Von Omas Haus zogen wir weiter Richtung Berlin. Ein Mann fuhr uns mit einem Kahn über die Oder. An den kaputten Brückenpfosten lagen angeschwemmte Pferde. Inzwischen war das Eis aufgetaut, die Leichen kamen wieder aus der Erde. Als die Erde noch hart gefroren war, hatte man die Toten nur ein bisschen mit Sand bedecken können. Nun war der Sand versackt und die Leichen der toten Soldaten kamen alle wieder raus. Im Oderbruch sind später viele Menschen bei der Feldarbeit auf Minen gelaufen und mussten noch ihr Leben lassen. Es war dort alles vermint.
Wir erreichten den Bauernhof, wo ich während des Krieges gelebt hatte. Überall waren Gräben von den Soldaten. Für uns Kinder war das schön … Wir liefen durch Gräben über den Hof in den Stall oder in die Scheune. Die Front war sehr lange im Oderbruch gewesen, wissen Sie. Da sind die meisten Soldaten gestorben, vor allen Dingen viele Russen. Ich habe in diesem Jahr mit meinem Sohn die Gedenkstätte Seelower Höhen besucht. Es ist traurig, wie viele Soldaten dort ihr Leben lassen mussten! Und wofür!?
Ursel und ich gingen auf Suche.

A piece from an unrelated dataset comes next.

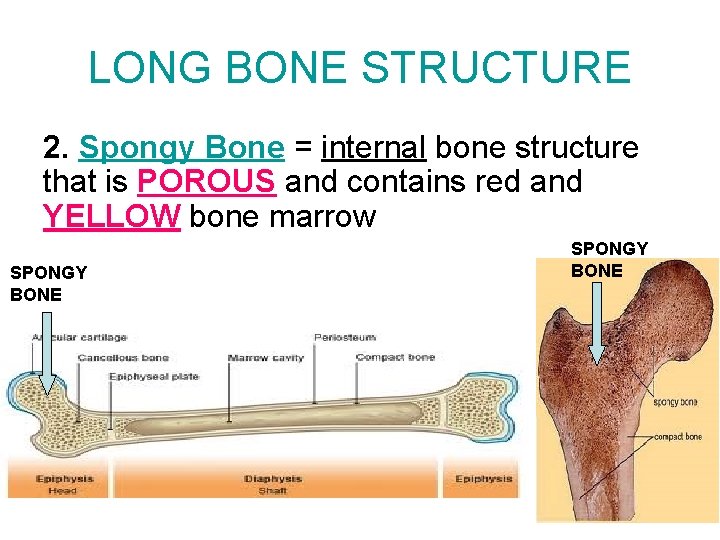 LONG BONE STRUCTURE 2. Spongy Bone = internal bone structure that is POROUS and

Ich fand einen Schuh, und dann suchte ich den anderen. Ich fand auch mein Poesiealbum. Jemand hatte nur die leeren Seiten rausgerissen. Das fand ich nett. Ich habe es immer noch.
Am 17. Mai kamen meine Mutter und ich mit einem Güterzug am Stettiner Bahnhof in Berlin an. Unser Haus stand noch und mein Vater war vom Volkssturm zurückgekommen. Er hatte in Biesdorf einen Steckschuss in die Wade gekriegt und durfte nach Hause gehen. In unserer Wohnung lebten dann Fremde mit uns. Es gab nur noch wenige Wohnungen. Und dann kamen wir so langsam wieder in alles rein, waren als kleine Familie wieder zusammen …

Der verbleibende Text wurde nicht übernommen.